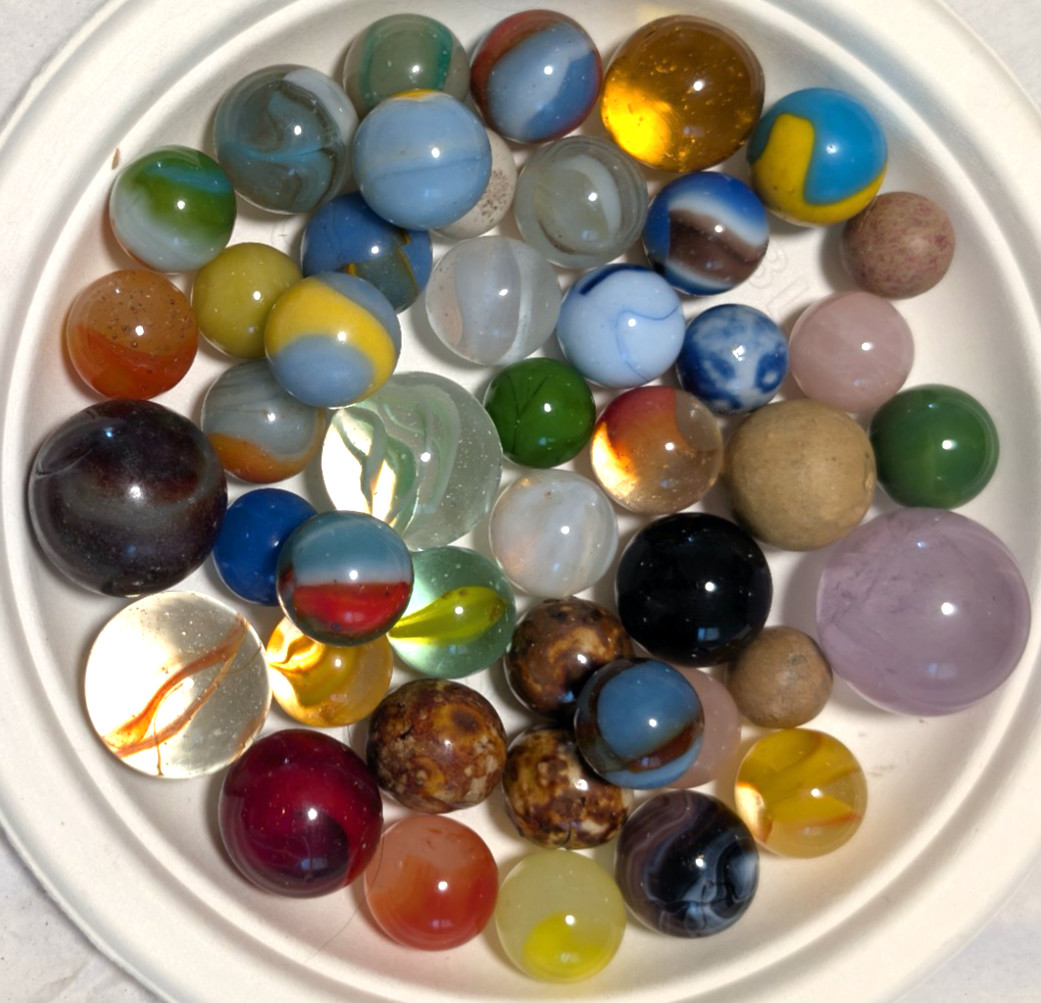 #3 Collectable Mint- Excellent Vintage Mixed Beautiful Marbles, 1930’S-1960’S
--
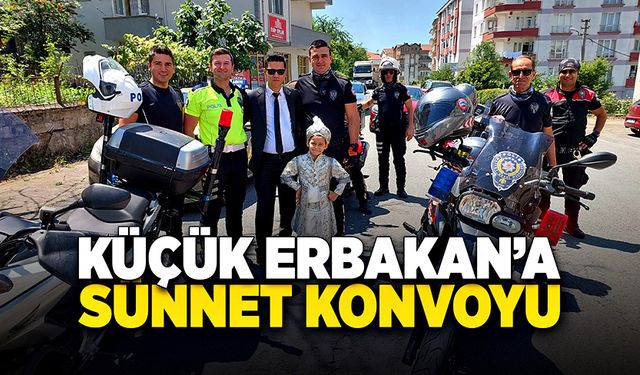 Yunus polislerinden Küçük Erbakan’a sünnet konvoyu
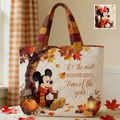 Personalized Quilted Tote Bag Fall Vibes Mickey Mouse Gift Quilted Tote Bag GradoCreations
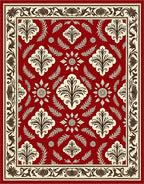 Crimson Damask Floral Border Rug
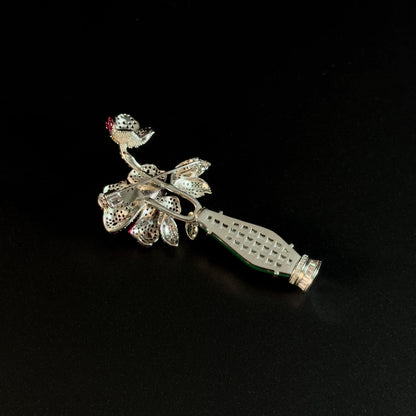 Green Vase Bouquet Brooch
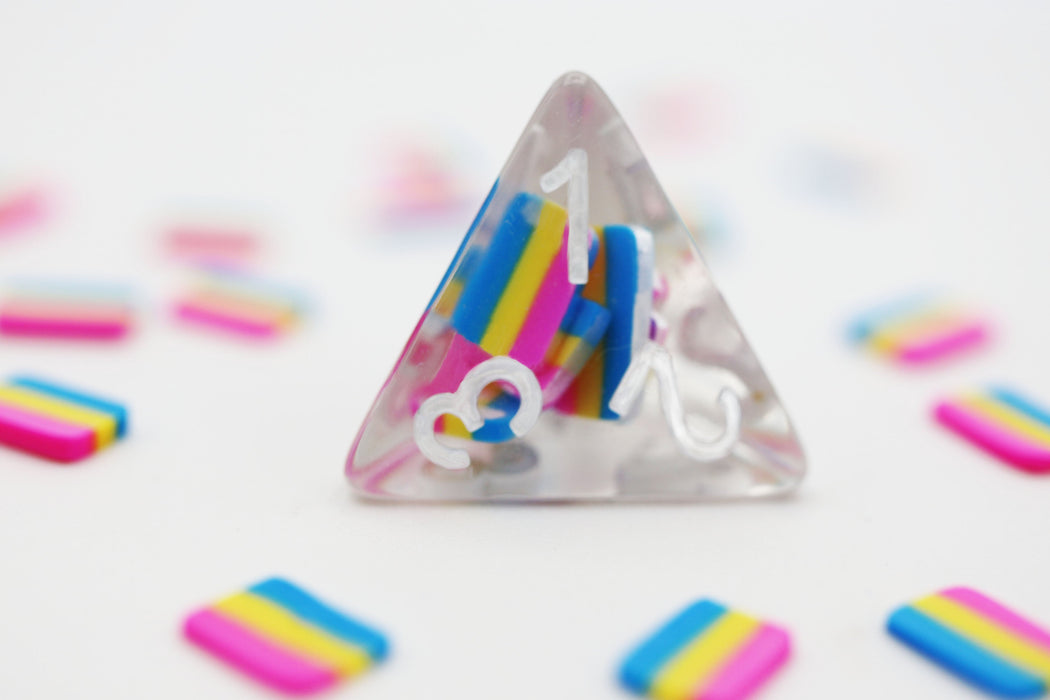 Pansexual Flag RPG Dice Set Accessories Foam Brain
...
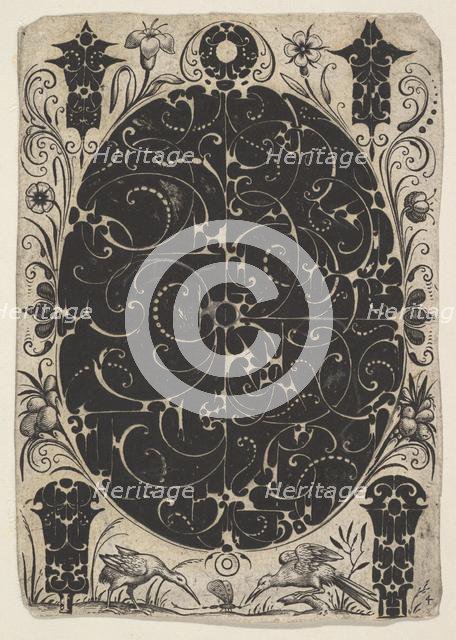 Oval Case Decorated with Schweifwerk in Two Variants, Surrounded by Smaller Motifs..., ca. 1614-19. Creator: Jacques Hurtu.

__What you need to do__. For this exercise, transcribe exactly the part of the records above that opens with the line containing "Yunus polislerinden Küçük" and closes with the one containing "Pansexual Flag RPG". Pictures are not part of the copy.

__Answer to this task__.
 Yunus polislerinden Küçük Erbakan’a sünnet konvoyu
 Personalized Quilted Tote Bag Fall Vibes Mickey Mouse Gift Quilted Tote Bag GradoCreations
 Crimson Damask Floral Border Rug
 Green Vase Bouquet Brooch
 Pansexual Flag RPG Dice Set Accessories Foam Brain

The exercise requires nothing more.